WHAT IS NEEDED →
Retype every line below precisely as it appears.

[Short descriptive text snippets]
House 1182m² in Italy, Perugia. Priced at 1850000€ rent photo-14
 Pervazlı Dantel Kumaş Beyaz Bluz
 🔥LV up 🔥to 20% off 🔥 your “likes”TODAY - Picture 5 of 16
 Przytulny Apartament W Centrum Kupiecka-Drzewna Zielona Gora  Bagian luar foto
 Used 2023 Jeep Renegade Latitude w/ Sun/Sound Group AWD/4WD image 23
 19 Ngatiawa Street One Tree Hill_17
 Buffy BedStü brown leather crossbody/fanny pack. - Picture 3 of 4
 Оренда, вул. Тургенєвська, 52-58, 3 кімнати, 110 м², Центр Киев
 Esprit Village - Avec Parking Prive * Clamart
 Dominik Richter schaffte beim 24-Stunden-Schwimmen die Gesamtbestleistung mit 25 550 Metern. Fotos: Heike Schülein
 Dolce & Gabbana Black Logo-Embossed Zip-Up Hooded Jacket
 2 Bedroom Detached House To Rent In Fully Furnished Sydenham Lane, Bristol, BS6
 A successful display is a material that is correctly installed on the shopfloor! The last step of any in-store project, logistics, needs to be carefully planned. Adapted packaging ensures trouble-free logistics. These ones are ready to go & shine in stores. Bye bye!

TASK RESULT →
House 1182m² in Italy, Perugia. Priced at 1850000€ rent photo-14
 Pervazlı Dantel Kumaş Beyaz Bluz
 🔥LV up 🔥to 20% off 🔥 your “likes”TODAY - Picture 5 of 16
 Przytulny Apartament W Centrum Kupiecka-Drzewna Zielona Gora  Bagian luar foto
 Used 2023 Jeep Renegade Latitude w/ Sun/Sound Group AWD/4WD image 23
 19 Ngatiawa Street One Tree Hill_17
 Buffy BedStü brown leather crossbody/fanny pack. - Picture 3 of 4
 Оренда, вул. Тургенєвська, 52-58, 3 кімнати, 110 м², Центр Киев
 Esprit Village - Avec Parking Prive * Clamart
 Dominik Richter schaffte beim 24-Stunden-Schwimmen die Gesamtbestleistung mit 25 550 Metern. Fotos: Heike Schülein
 Dolce & Gabbana Black Logo-Embossed Zip-Up Hooded Jacket
 2 Bedroom Detached House To Rent In Fully Furnished Sydenham Lane, Bristol, BS6
 A successful display is a material that is correctly installed on the shopfloor! The last step of any in-store project, logistics, needs to be carefully planned. Adapted packaging ensures trouble-free logistics. These ones are ready to go & shine in stores. Bye bye!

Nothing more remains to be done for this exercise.